Wentworth pointed to “persistent pressures on the U.S. consumer and the impact of recent marketplace dynamics which have eroded pharmacy margins. Our results and outlook reflect these headwinds, despite solid performance in both our international and U.S. health care segments,” he said. “Informed by our strategic review, we are focused on improving our core business: retail pharmacy, which is central to the future of health care.”

In addition to the store closures, Wentworth outlined a series of actions the company would take, including:

  • A reevaluation of its product assortment that will include working with “fewer partners who are helping us win. For example, in the last quarter alone, we’ve removed eight national brands and redeployed those SKUs toward owned brands and preferred partners within health and wellness categories”;
  • “Changing the dialogue” with pharmacy benefits managers (PBMs) “to ensure we are paid fairly for the value we provide”; 
  • Enhancing pharmacy services such as immunizations in an effort to attract more patients;
  • Identifying efficiencies at headquarters and across its retail operations, which will include a restructuring;
  • Plans to “meaningfully build” the company’s loyalty program;
  • Investing more in talent, particularly pharmacy industry professionals;
  • Sharpening its focus on becoming a “destination for areas we are uniquely positioned to lead” such as health and beauty and women’s health; and
  • An acceleration of digital and omnichannel offerings.
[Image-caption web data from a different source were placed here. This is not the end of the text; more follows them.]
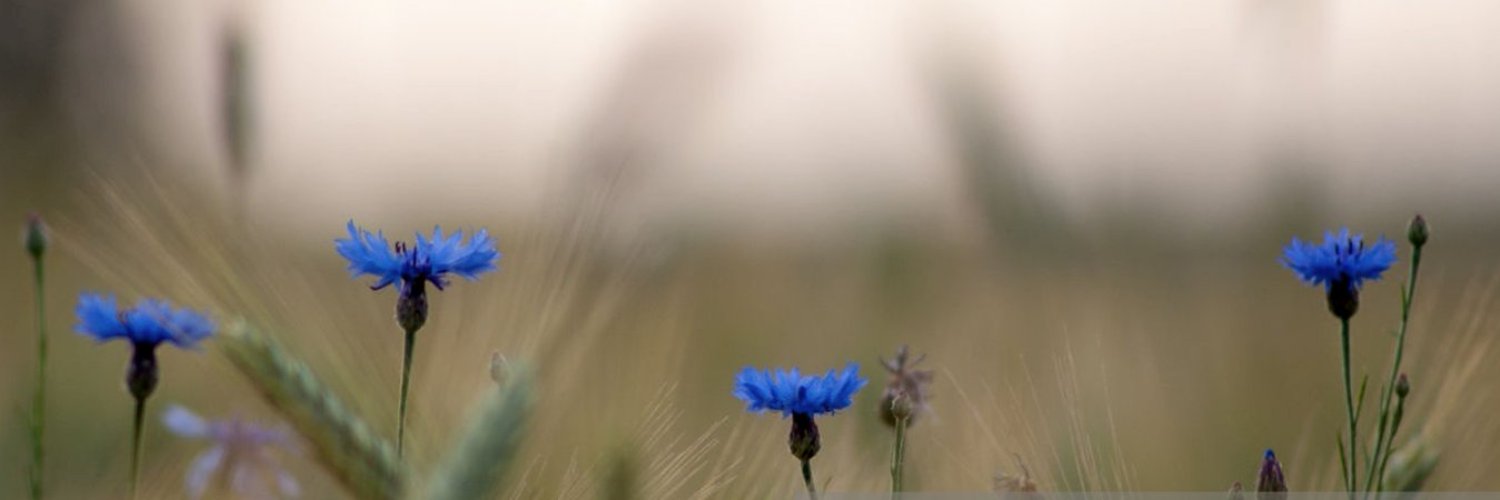 ivanvasilko's profile banner image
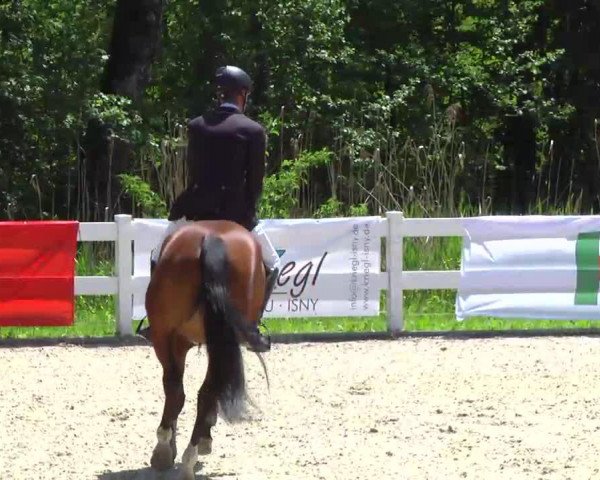 jumper Rasculin (Oldenburg, 2007, from Rio Zeus)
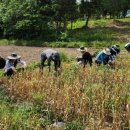 군동면사무소 이미지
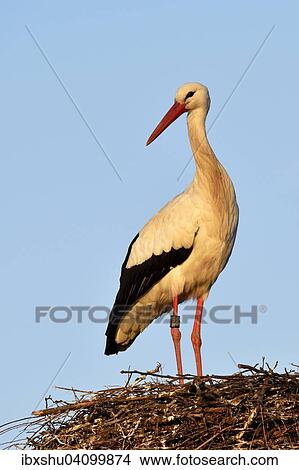 Picture - White Stork (Ciconia ciconia), standing on nest, Canton of Aargau, Switzerland, Europe. Fotosearch
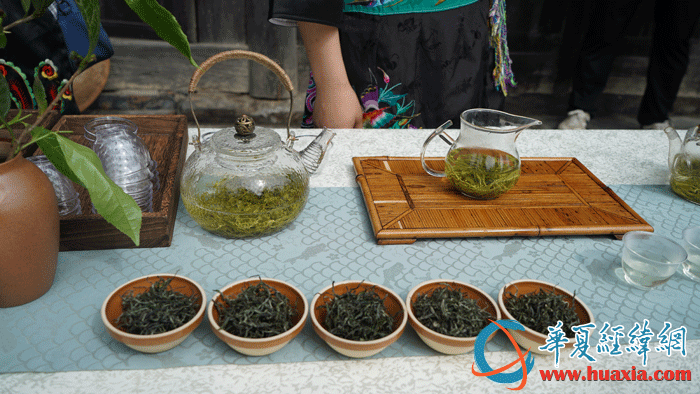 保靖黃金茶。（攝影：虞鷹）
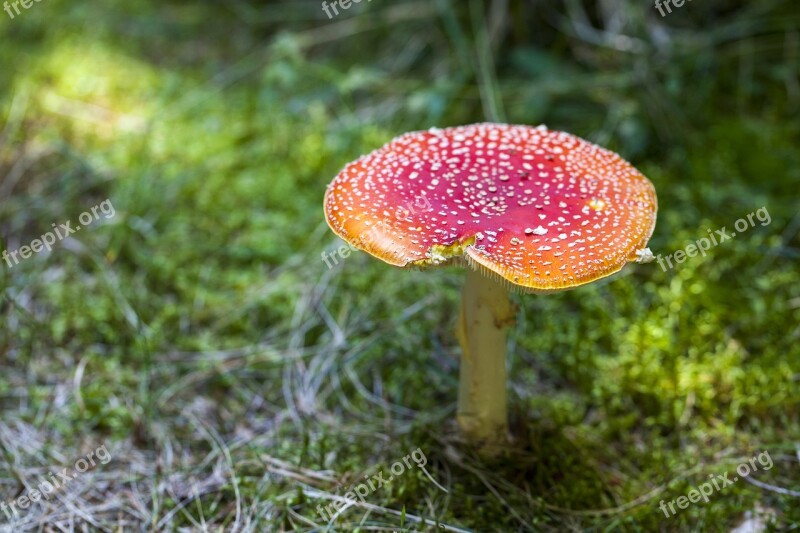 Amanita Muscaria Toxic Wild Mushroom Free Photos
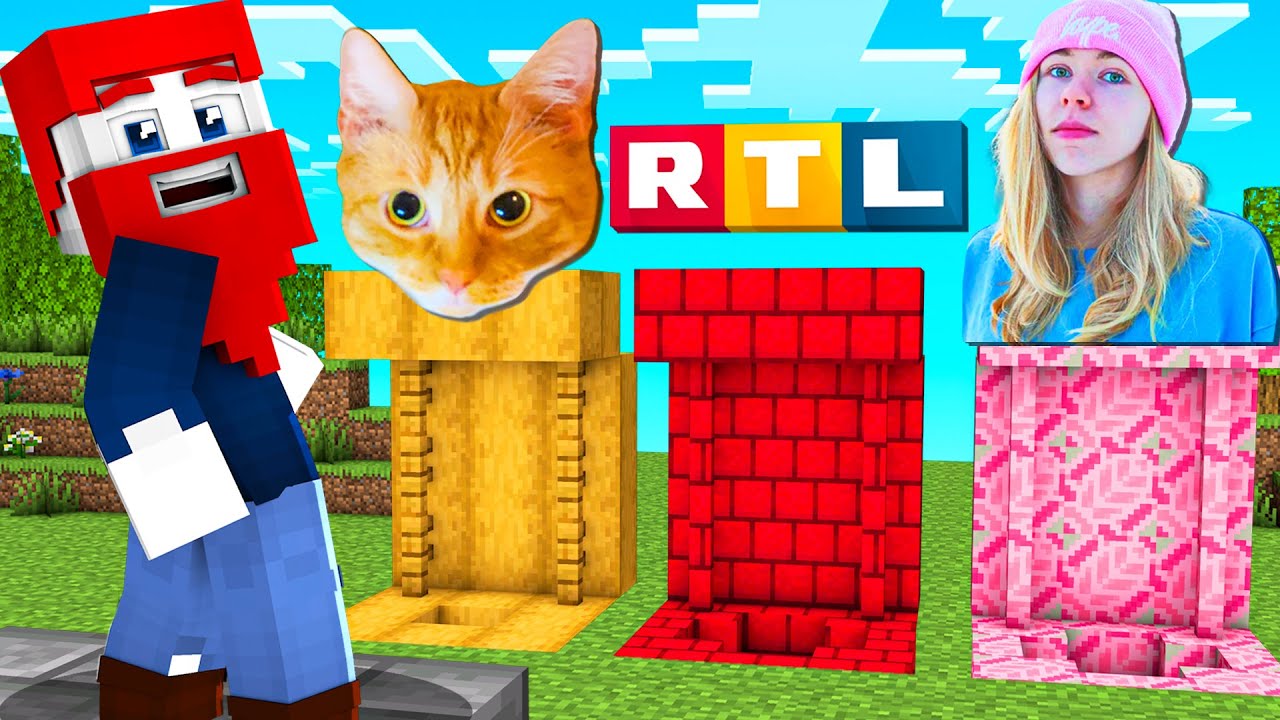 WÄHLE NICHT das FALSCHE BILD - Minecraft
“I want to reinforce the most important conclusion from our review — the retail pharmacy experience will be more important to the health care industry in the years ahead, but it will evolve,” said Wentworth. “With widespread demand for convenient health care solutions, including chronic diseases and nationwide labor shortages, the pharmacy and pharmacists have never been more important. Our retail pharmacy business is uniquely positioned to expand the role we play in the lives of our patients who have come to expect and need retail pharmacy at the center of their care.”